This Fort Worth ISD school for refugees is moving into a new home — again
For the second time in three years, a Fort Worth school for refugee students is moving into a new home.
The International Newcomer Academy is a school in the Fort Worth Independent School District for students who are recent immigrants to the United States and have limited English skills. Many are refugees whose families came into the country fleeing conflict or persecution in their home countries.
For the past three years, the school has been located in a building that has less than half as much classroom space as it needs. But next month, the school will relocate across town, to a bigger building that was left empty when two other schools merged.
Academy offers specialized support for newcomers
Students in grades 6-9 come to the academy for a year or two after arriving in the United States. Specially trained teachers help them build up their English proficiency and work with them on course material they’ll need to understand before moving on to mainstream classrooms. Because of circumstances in their home countries, many students come to the academy with years-long gaps in their schooling. Some show up there having never been to school before.
Over Christmas break, district officials plan to move the academy from its current location on Valentine Street, about a mile east of Arlington Heights High School, into a building on Eastline Drive, about a third of a mile north of Mansfield Highway. The building was the former home of Forest Oak Sixth Grade Center, which was closed and consolidated with Forest Oak Middle School at the beginning of this school year.
The building will be the school’s third home in less than five years. Until 2021, the school was located in a converted department store building on Camp Bowie Boulevard in southwestern Fort Worth, a campus it shared with the Applied Learning Academy, a middle school of choice.
When district officials announced plans to turn that campus into Fort Worth ISD’s central administration building, the school’s teachers and supporters worried about its future — especially when conversations about those plans began to include the idea of splitting the academy up among two or more sites. But district leaders opted to keep the school intact and move it the Valentine Street building, which previously housed the Middle Level Learning Center, an alternative school for students in grades 6-8.

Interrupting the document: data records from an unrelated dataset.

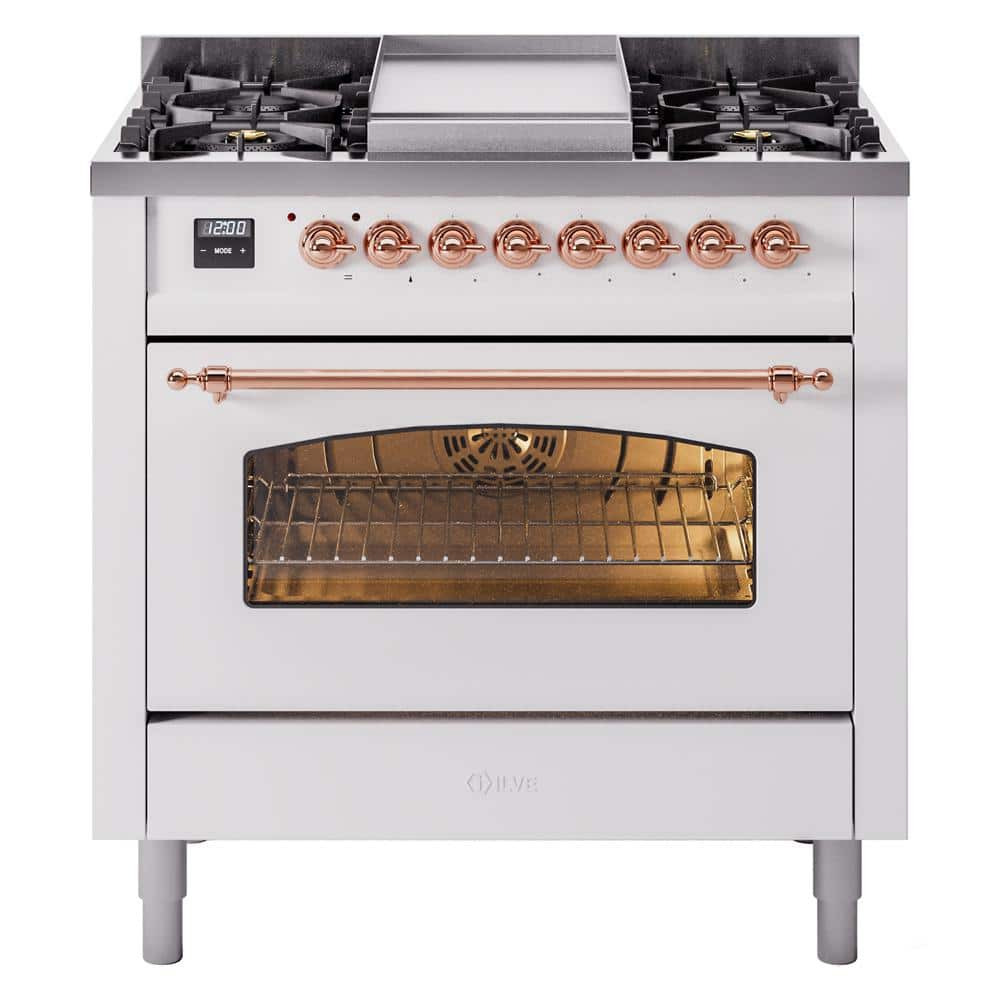 Nostalgie II 36 in. 6 Burner+Griddle Freestanding Dual Fuel Natural Gas Range in White with Copper Trim -  ILVE, UP36FNMPWHP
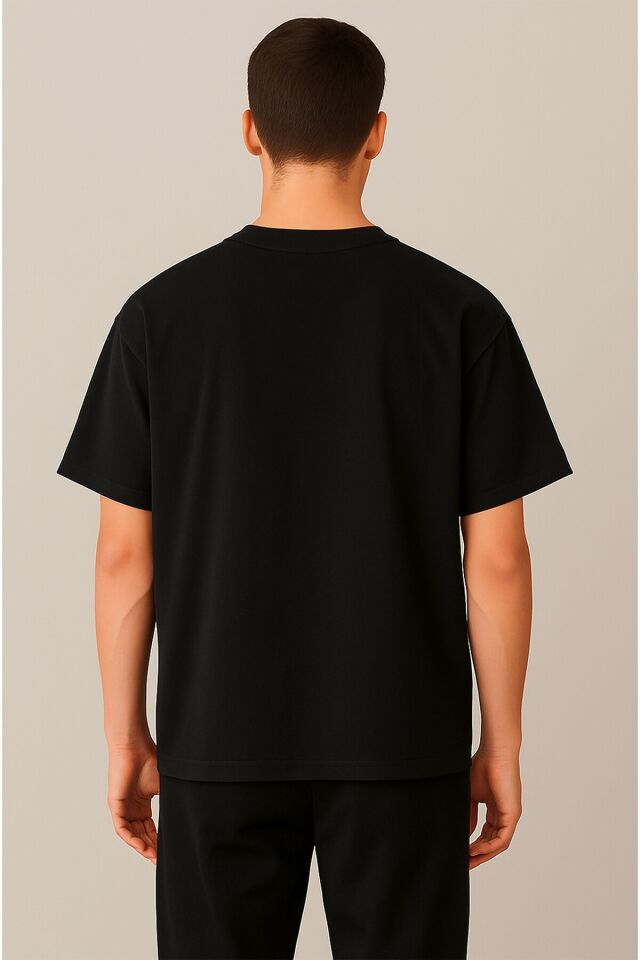 Oversize %100 Pamuk Rahat ve Geniş Kalıp Bisiklet Yaka Unisex Siyah T-Shirt Siyah - S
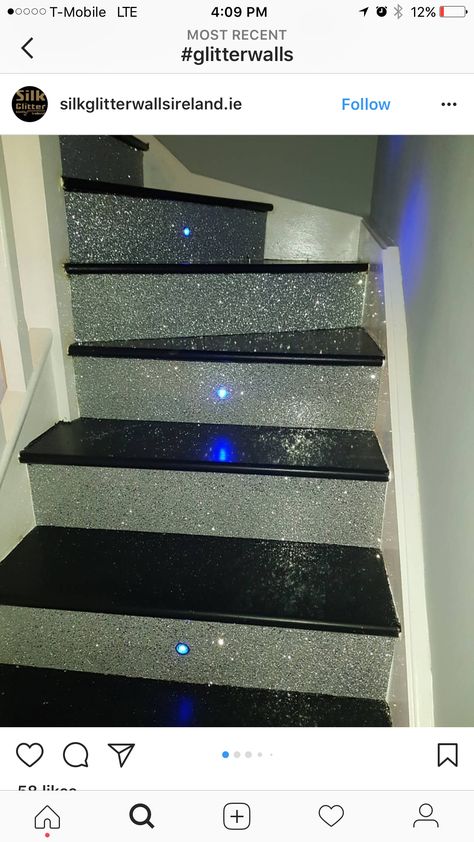 2010s Room, Glitter Stairs, Stairs Remodeling, Glamorous Goth, Glitter Bathroom, Glitter Interior, Glitter Floor, Glitter Bedroom, Beach Stairs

Although supporters cheered the move because it meant the school wouldn’t be split up, the Valentine Street building was never big enough to accommodate the academy. The building is designed with classroom space for 200 students. Currently, 431 students are enrolled at the school. Some teachers have been holding classes in the building’s cafeteria. Two classes meet on the stage in the auditorium. During a school board meeting earlier this month, Karen Molinar, the district’s interim superintendent, said about 200 students at the school go to class in portable classroom units.
Those capacity issues have also meant there wasn’t space to place some newcomers at the academy. Over the past year, the district has steered some students who might otherwise have ended up at the academy to language centers at campuses across the district. Those centers are programs located on larger secondary campuses, staffed by teachers certified to work with students who are learning English as a second language. While that meant those students got language instruction, the centers aren’t always equipped to offer the broader support students and their families get at the academy.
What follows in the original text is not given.